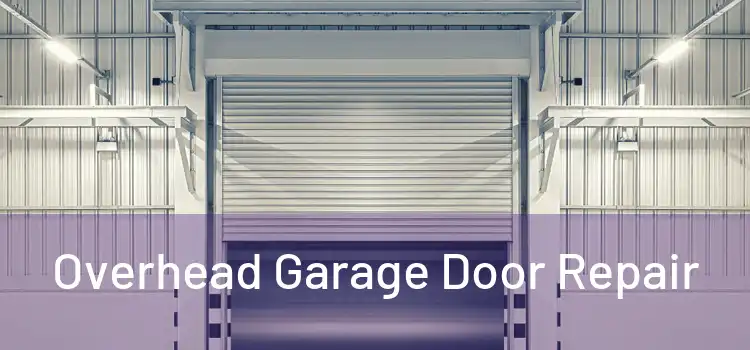  Overhead Garage Door Repair 
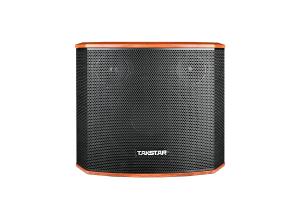 Loa KTV Takstar H-K80 Wood vỏ PVC vân gỗ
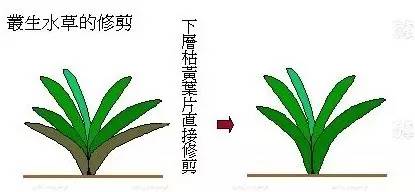 如图↓修剪方式水兰↓花皇冠(类似的有皇冠草,青旦,长叶九冠等)↓如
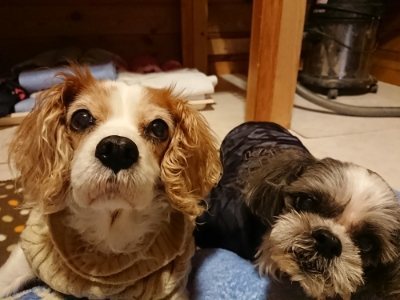f:id:roukenhome-ann:20190115210235j:plain f:id:roukenhome-ann:20190115210235j:plain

━━━━━━━━━━━━━━━━

## What you are asked to do
Reproduce the listing exactly, but omit every picture in it.

## Answer to this task
  Overhead Garage Door Repair 
 Loa KTV Takstar H-K80 Wood vỏ PVC vân gỗ
 如图↓修剪方式水兰↓花皇冠(类似的有皇冠草,青旦,长叶九冠等)↓如
f:id:roukenhome-ann:20190115210235j:plain f:id:roukenhome-ann:20190115210235j:plain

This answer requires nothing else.